Named in memory of the HRC’s founding Director, the Jane Moody Scholarships provide funding for PhD students and recent PhD completers to learn new skills or work with external partners or communities that are new to them. Recipients are encouraged to cross traditional boundaries and to be creative and experimental in their approach. The aim of the Scholarships is to develop and enhance workplace skills, with an emphasis on communication skills (spoken, written, visual), so scholars can convey complex ideas in a way that is accessible to a non-specialist.
The 2020-21 Jane Moody scholars and their projects are:
Noni Jabavu in York and Beyond – Black Briton, South African, Globetrotter
My project shines a public spotlight on the acclaimed, now largely forgotten, British-South African writer Noni Jabavu (1919-2008). The project brings to life part of York’s little-known black history, while exploring questions of identity and belonging in a life and world on the move.
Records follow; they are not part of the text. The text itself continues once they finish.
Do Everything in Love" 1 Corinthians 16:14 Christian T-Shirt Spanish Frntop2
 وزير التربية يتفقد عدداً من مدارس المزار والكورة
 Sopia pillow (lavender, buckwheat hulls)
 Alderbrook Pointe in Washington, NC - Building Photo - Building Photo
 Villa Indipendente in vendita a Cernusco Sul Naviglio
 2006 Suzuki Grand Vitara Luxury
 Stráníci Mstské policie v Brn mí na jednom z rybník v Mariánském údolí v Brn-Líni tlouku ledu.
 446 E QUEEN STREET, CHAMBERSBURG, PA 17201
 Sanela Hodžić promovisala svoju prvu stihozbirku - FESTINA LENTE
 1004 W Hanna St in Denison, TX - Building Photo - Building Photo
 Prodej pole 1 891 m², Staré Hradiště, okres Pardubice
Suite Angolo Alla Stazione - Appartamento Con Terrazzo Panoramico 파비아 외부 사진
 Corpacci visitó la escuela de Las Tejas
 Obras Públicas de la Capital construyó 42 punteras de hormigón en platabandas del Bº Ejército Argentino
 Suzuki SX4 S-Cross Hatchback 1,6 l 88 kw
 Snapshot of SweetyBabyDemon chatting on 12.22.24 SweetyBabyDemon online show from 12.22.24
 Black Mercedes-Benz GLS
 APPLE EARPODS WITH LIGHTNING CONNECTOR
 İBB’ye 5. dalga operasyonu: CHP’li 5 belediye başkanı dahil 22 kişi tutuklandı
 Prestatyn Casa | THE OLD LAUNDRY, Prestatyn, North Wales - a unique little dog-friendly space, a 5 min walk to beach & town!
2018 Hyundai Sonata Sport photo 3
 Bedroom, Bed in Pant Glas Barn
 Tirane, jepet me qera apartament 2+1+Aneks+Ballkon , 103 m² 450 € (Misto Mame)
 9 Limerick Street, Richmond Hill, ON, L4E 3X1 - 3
Bringing the Rowntree Leisure Time Interviews to Life
Working in close collaboration with The Rowntree Society and the Borthwick Institute for Archives, I will be creating innovative, digital performances, inspired by real-life interviews with ordinary people in post-war Britain, which formed the raw material for Benjamin Seebohm Rowntree’s study of English Life and Leisure (1951).
Rediscovering the lost streets of Victorian Burmantofts and Sheepscar, Leeds
I am collaborating with Leeds Local and Family History Library and Leeds Museums and Galleries, and have designed, prepared and run five public workshops that use the library’s local history collection to rediscover the streets of the Burmantofts and Sheepscar neighbourhoods that were demolished as part of slum clearance programmes in the 1950-60s.
Exploring the Hunting Songs of the Lakeland Fell Packs
While working on my PhD focused on the Hunting Songs of the Lakeland Fell Packs, I discovered that there was no existing system that could effectively catalogue tunes so that they might be musically searchable. My project aims to develop a system that would solve this problem for future song researchers/collectors, and to create a programme which could be integrated into existing library catalogues.